Neve Gordon in Indiana
We had just left the headquarters of Arthur Andersen, a consulting and accounting firm that employs more than 50 000 people, as I said to my friend: “The proof is in the cubicle.”
In 1996, short of space, Arthur Andersen had relocated to a nicer building in downtown Chicago. Many of its employees were shunted from rooms into cubicles. This descent from office to cubicle is not unusual: over the past 15 years practically all mid-range corporate workers have been “cubiclised”. Have you ever wondered why cubicles have become so common?
The usual explanation is that they are cost-efficient. The accuracy of this assertion depends on what one means by “cost-efficient”. Is it merely the cheaper material from which they are made, or is something else at work?

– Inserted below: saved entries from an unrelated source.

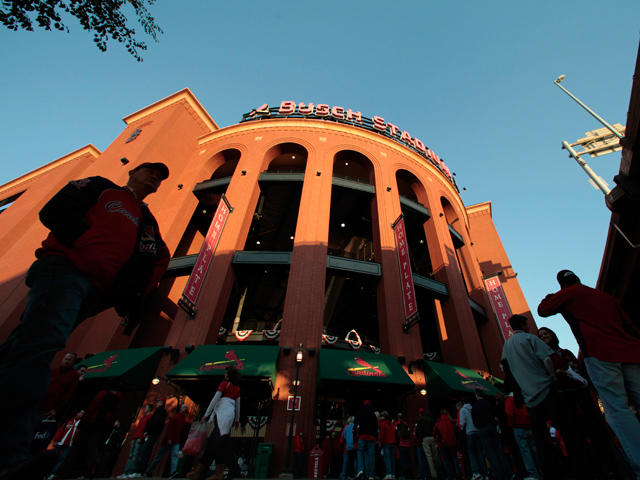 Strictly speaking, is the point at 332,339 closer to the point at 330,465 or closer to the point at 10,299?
the point at 330,465

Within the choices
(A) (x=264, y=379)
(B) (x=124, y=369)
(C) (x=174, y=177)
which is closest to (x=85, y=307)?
(A) (x=264, y=379)

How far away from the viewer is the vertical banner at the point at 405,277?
42.2 feet

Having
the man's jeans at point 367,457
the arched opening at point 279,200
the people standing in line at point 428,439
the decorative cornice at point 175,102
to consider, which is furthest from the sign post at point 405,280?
the decorative cornice at point 175,102

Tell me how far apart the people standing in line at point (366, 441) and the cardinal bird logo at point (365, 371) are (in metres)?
2.42

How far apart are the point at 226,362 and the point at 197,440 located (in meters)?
6.22

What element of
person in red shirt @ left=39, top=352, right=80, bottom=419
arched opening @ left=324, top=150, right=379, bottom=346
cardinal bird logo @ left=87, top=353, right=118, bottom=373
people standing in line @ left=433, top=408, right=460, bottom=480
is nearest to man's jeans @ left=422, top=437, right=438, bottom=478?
people standing in line @ left=433, top=408, right=460, bottom=480

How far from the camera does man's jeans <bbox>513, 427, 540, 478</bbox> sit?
5.87 meters

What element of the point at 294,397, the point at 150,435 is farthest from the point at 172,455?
the point at 294,397

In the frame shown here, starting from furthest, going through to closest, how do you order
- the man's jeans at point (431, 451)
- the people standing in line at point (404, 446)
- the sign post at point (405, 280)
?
1. the sign post at point (405, 280)
2. the people standing in line at point (404, 446)
3. the man's jeans at point (431, 451)

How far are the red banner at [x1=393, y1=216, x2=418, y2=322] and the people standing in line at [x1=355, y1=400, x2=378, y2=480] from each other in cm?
533

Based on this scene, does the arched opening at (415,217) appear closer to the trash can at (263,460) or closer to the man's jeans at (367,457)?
the man's jeans at (367,457)

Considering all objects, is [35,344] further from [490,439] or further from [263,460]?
[263,460]

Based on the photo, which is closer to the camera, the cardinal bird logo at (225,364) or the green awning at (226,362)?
the green awning at (226,362)

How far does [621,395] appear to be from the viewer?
10.3 ft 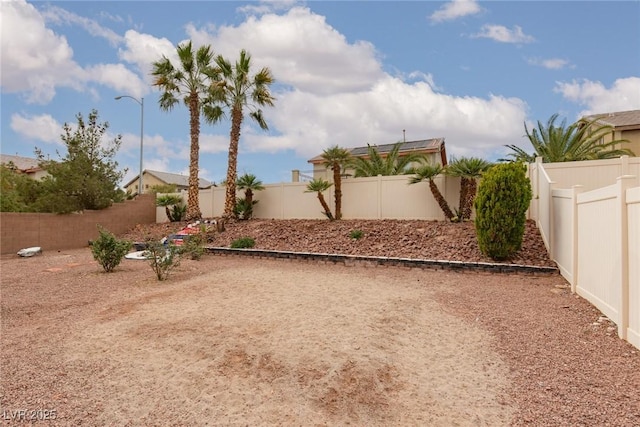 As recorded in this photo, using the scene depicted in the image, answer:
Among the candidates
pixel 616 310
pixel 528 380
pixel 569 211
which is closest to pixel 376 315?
pixel 528 380

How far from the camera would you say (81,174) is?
1653cm

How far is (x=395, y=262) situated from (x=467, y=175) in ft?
12.6

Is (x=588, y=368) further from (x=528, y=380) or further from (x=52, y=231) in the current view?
(x=52, y=231)

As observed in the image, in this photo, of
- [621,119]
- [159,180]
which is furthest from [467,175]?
[159,180]

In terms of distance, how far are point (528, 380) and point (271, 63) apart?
16456mm

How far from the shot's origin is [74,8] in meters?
10.3

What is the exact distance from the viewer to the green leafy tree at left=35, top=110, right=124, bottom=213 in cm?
1611

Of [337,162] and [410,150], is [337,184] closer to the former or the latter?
[337,162]

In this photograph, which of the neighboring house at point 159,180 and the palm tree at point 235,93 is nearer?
the palm tree at point 235,93

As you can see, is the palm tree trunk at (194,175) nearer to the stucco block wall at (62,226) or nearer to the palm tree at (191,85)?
the palm tree at (191,85)

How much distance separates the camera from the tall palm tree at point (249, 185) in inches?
650

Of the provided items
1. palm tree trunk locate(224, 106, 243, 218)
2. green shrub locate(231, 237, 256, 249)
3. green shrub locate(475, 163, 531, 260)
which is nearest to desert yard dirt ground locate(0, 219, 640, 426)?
green shrub locate(475, 163, 531, 260)

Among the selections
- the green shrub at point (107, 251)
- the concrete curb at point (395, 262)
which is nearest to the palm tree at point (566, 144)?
the concrete curb at point (395, 262)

The real reason cubicles have become permanent fixtures in the corporate landscape has as much to do with the latent power of their design, which helps control workers’ behaviour. Several years ago French philosopher and historian of ideas Michel Foucault analysed architectural spaces, arguing that certain facilities include subtle physical techniques aimed at producing disciplined individuals.
Foucault’s main focus was on modes of surveillance in prisons, but in many respects the cubicle is a perfect example of a structure designed to assure the control of its occupant.

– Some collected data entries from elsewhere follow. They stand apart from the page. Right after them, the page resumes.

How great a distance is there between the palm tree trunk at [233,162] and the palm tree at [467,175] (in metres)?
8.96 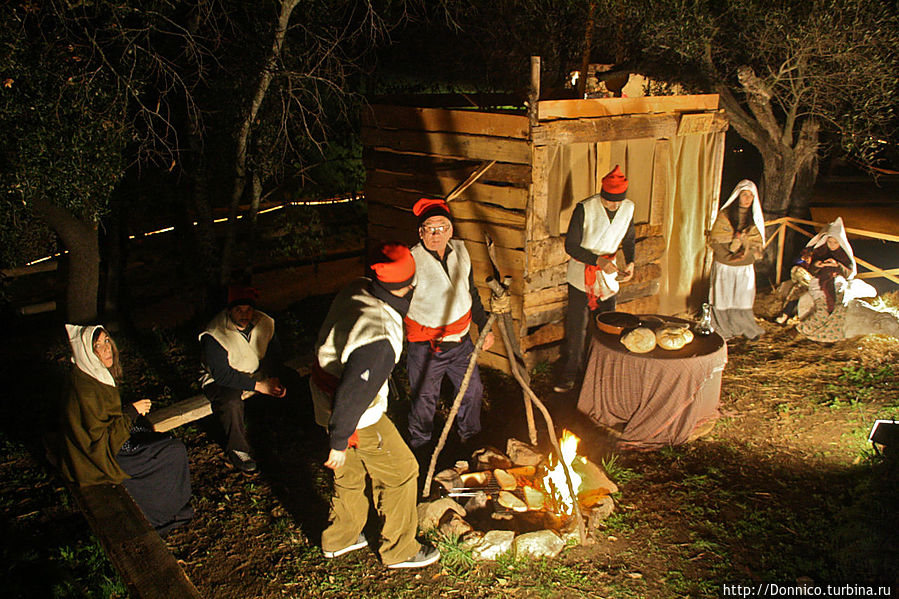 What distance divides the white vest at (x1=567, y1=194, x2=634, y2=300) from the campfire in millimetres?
1992

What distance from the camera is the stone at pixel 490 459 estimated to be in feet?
17.1

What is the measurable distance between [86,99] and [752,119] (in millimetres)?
9529

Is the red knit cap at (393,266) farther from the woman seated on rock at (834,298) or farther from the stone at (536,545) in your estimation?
the woman seated on rock at (834,298)

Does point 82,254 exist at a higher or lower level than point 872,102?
lower

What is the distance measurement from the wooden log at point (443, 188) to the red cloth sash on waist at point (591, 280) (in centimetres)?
98

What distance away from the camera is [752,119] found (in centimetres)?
1018

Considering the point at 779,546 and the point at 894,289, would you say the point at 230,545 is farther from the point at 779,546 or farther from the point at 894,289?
the point at 894,289

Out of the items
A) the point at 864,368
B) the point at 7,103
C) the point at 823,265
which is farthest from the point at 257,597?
the point at 823,265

“Budgetary constraints” have led corporations to move employees into a central space divided by cubicles. Cubicles have no doors, and the worker’s back faces the public. The thin “walls” never reach the ceiling, yet they are usually too high for someone to look over, even when standing.

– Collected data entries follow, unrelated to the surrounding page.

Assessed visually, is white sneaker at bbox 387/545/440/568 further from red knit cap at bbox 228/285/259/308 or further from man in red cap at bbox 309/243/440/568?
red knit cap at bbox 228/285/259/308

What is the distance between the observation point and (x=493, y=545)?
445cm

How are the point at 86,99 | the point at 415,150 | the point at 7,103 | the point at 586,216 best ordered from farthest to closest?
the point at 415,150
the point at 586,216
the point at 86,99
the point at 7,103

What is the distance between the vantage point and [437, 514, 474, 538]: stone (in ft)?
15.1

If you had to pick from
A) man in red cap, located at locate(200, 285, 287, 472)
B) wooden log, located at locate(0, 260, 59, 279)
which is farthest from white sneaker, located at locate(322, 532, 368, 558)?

They are a mechanism of constant surveillance: the worker is never sure who might pass the entrance or listen to a telephone conversation. Permanent visibility is sufficient to render a worker docile.
What is most intriguing and insidious about the cubicle is that there is no identifiable site of control: no boss stands at the door to secure compliance, no executive continually inspects one’s work. No monitor is needed. The mere possibility that someone from a higher echelon will overhear a discussion or notice an employee resting is sufficient to ensure that the corporation’s standards, customs, restrictions and prohibitions are observed.
The novel setting of the workplace is designed to guarantee compliant diligence. There is no public space in which a group of workers can meet spontaneously, or a private space where co-workers can have confidential discussions. The cubicle phenomenon signifies that the white collar worker has been colonised, confirming Foucault’s claim. “Work, work, work” is the message reverberating in the cubicle, and employees follow this command, proving the economic efficiency of the system. Simultaneously, they internalise the values espoused by their masters.
Thousands of workers have been moved from offices into cubicles without a murmur of protest, much less an organised demand for change. The proof of corporate control, I say, is in the cubicle.